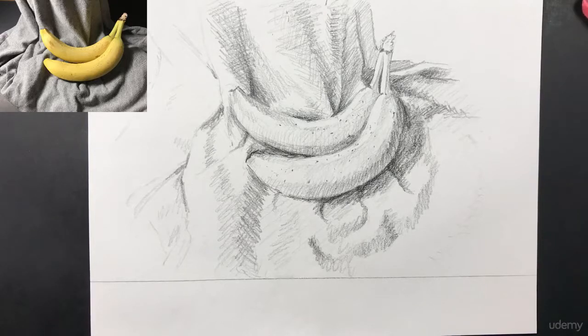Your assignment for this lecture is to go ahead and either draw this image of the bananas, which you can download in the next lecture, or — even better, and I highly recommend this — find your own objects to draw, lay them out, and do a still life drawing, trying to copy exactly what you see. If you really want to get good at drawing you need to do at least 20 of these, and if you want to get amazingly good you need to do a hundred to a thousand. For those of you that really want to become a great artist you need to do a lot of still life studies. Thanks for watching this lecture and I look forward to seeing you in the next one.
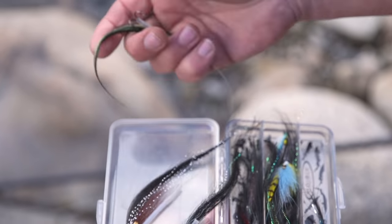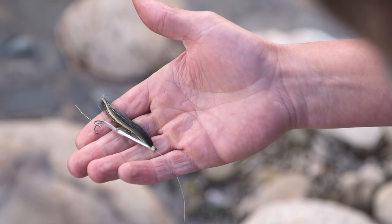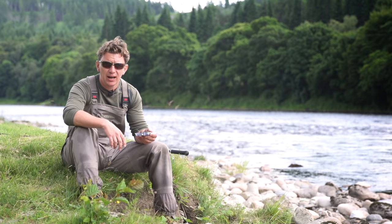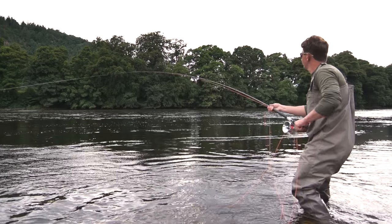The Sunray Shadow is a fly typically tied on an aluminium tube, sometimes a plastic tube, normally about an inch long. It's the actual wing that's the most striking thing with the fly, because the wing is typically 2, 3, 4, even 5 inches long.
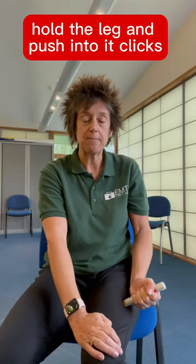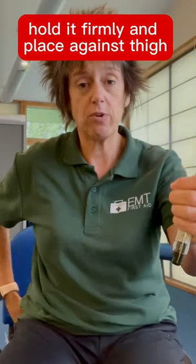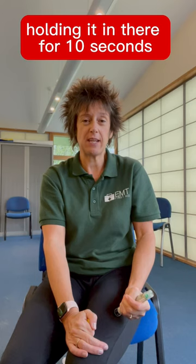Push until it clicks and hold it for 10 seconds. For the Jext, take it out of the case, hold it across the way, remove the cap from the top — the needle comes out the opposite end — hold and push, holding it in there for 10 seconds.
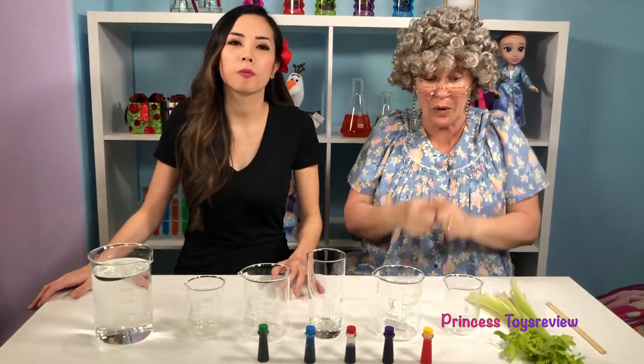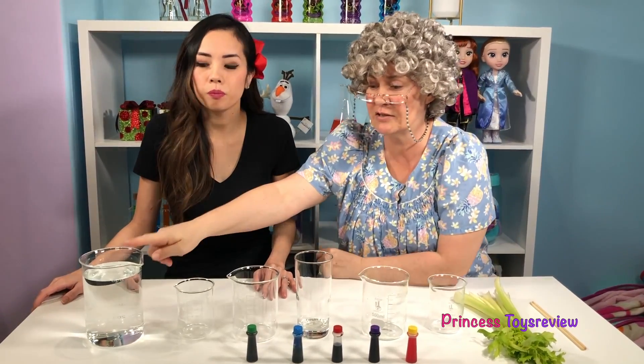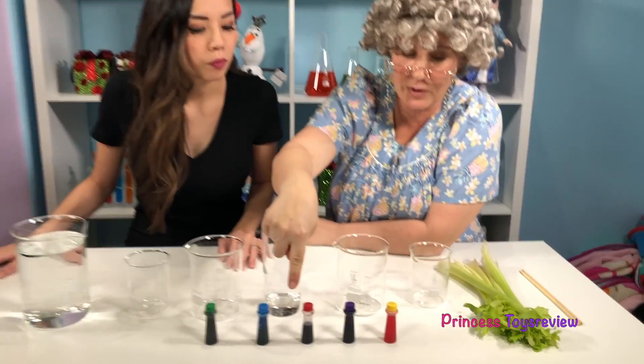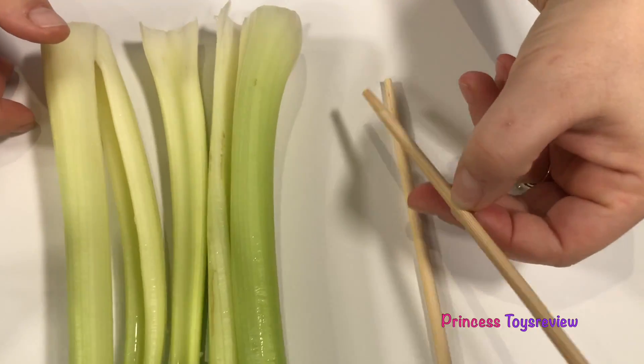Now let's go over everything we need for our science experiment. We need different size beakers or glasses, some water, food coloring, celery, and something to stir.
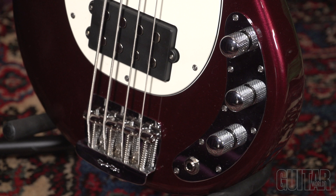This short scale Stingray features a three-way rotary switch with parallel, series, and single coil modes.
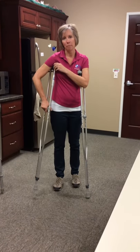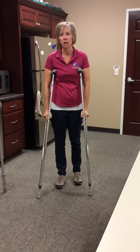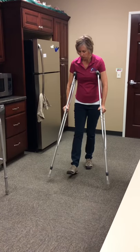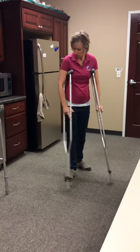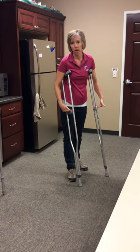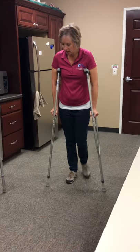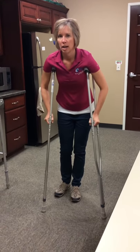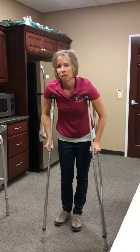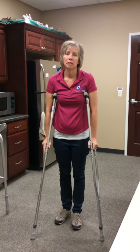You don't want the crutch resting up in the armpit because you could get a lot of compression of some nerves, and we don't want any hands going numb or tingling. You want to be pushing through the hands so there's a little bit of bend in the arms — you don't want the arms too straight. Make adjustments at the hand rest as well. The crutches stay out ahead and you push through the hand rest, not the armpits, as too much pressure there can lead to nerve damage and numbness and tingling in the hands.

___

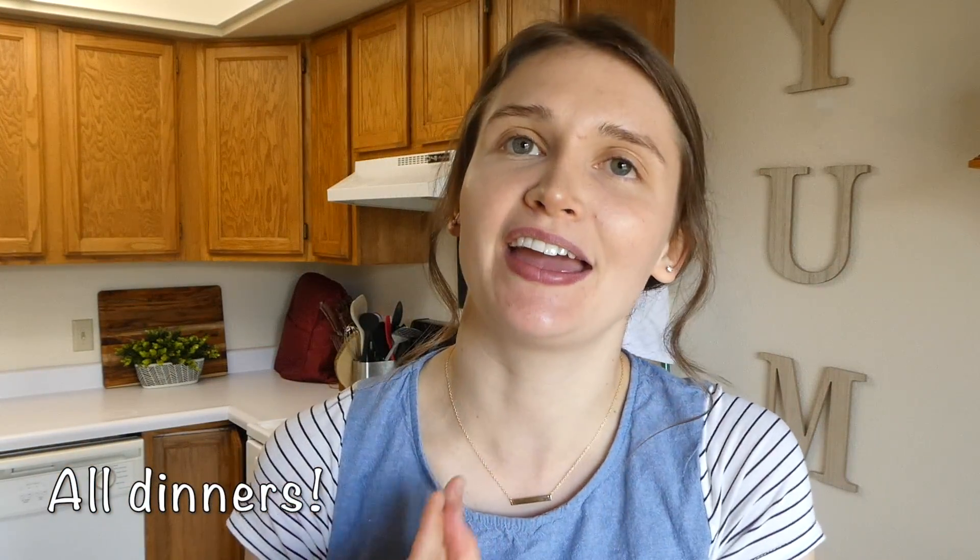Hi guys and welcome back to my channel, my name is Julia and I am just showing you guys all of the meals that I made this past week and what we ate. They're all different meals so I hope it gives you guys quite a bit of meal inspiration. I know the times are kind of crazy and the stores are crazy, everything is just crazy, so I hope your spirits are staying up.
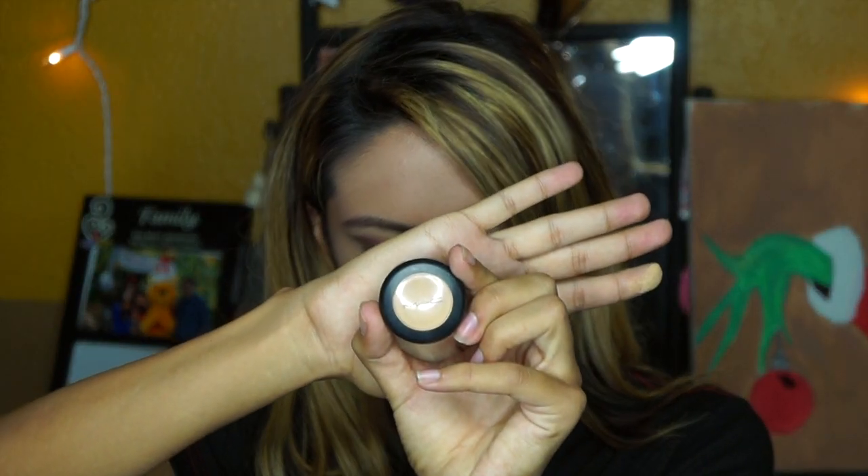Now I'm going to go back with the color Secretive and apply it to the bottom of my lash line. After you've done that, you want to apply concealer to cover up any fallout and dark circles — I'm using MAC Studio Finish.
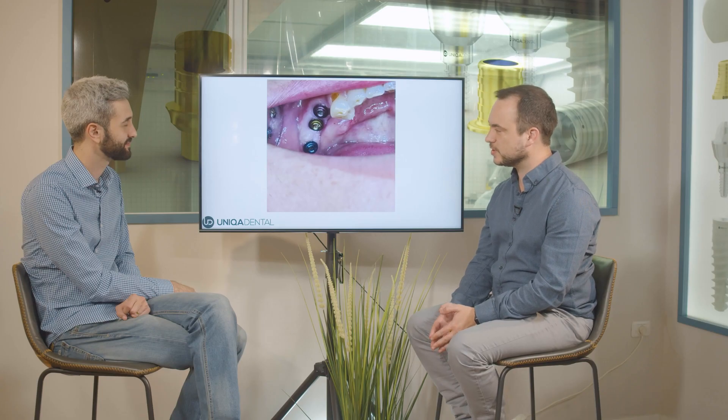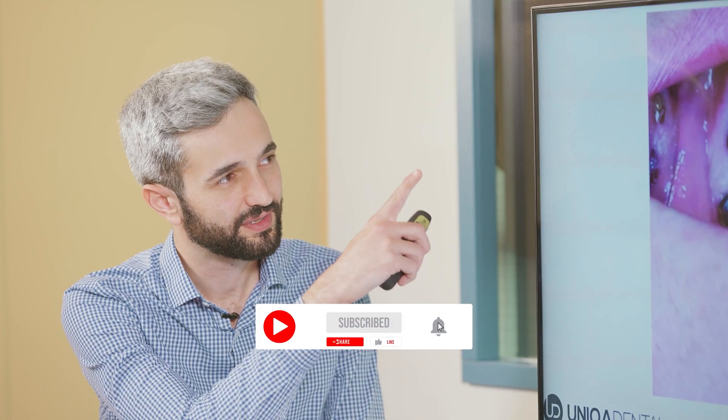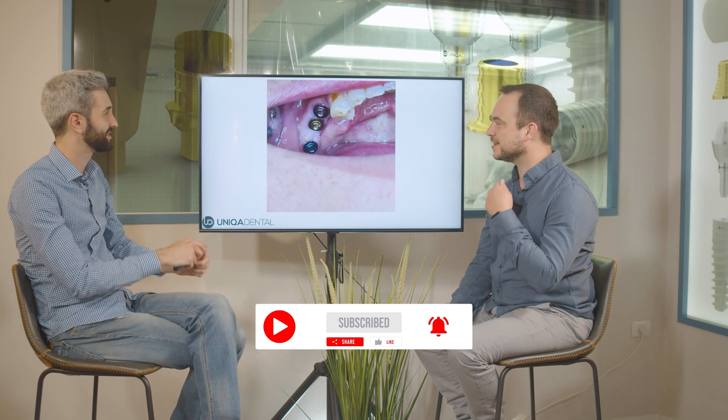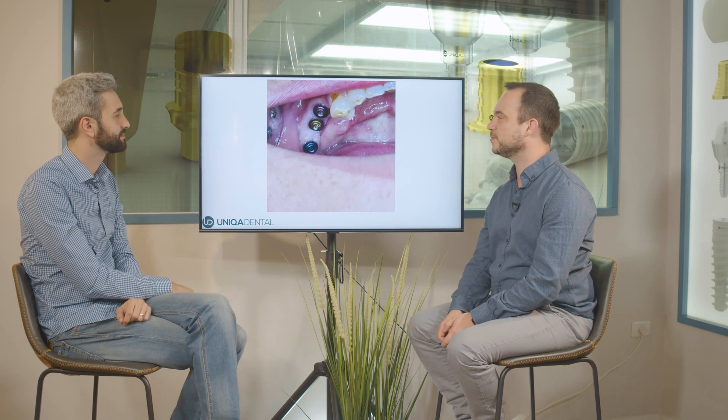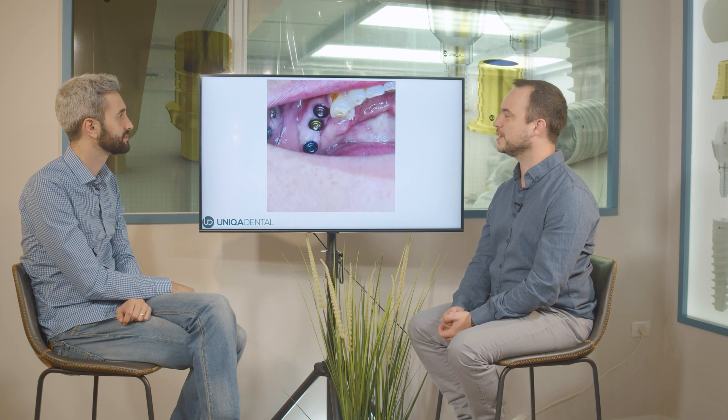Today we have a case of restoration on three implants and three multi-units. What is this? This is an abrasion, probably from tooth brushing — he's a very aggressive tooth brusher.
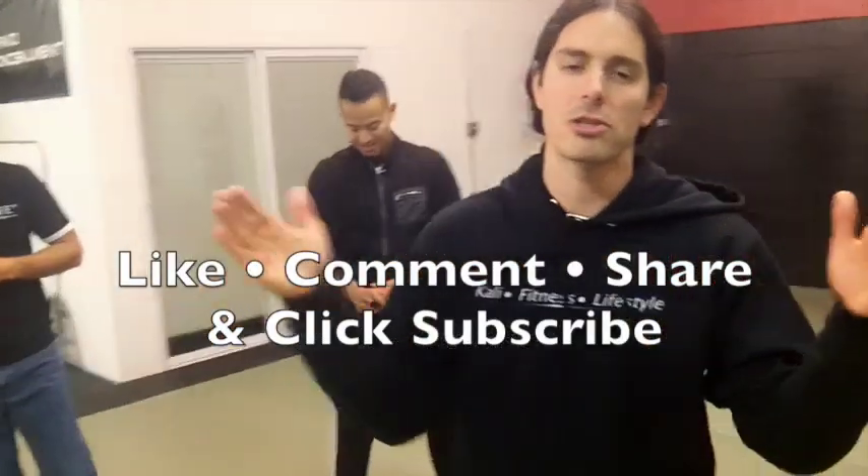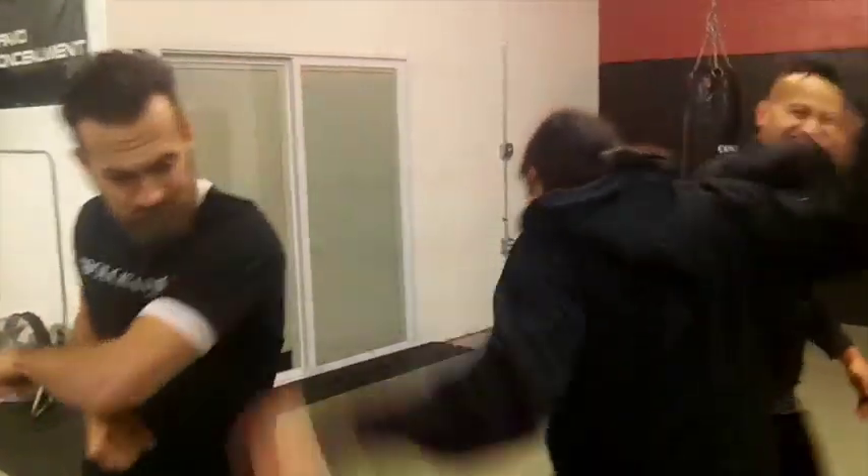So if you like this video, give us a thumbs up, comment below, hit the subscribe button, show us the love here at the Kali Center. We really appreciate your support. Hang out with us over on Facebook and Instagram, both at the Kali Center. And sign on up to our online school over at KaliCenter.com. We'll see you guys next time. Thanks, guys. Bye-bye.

___

- **Exercise goal**
Given the records above, return the lines starting at the one that holds "Now I'm going" and ending at the one that holds "So if you like", exactly, and nothing besides; leave every picture out.

- **Response for this exercise**
Now I'm going to go back with the color Secretive and apply it to the bottom of my lash line. After you've done that, you want to apply concealer to cover up any fallout and dark circles — I'm using MAC Studio Finish.
Today we have a case of restoration on three implants and three multi-units. What is this? This is an abrasion, probably from tooth brushing — he's a very aggressive tooth brusher.
So if you like this video, give us a thumbs up, comment below, hit the subscribe button, show us the love here at the Kali Center. We really appreciate your support. Hang out with us over on Facebook and Instagram, both at the Kali Center. And sign on up to our online school over at KaliCenter.com. We'll see you guys next time. Thanks, guys. Bye-bye.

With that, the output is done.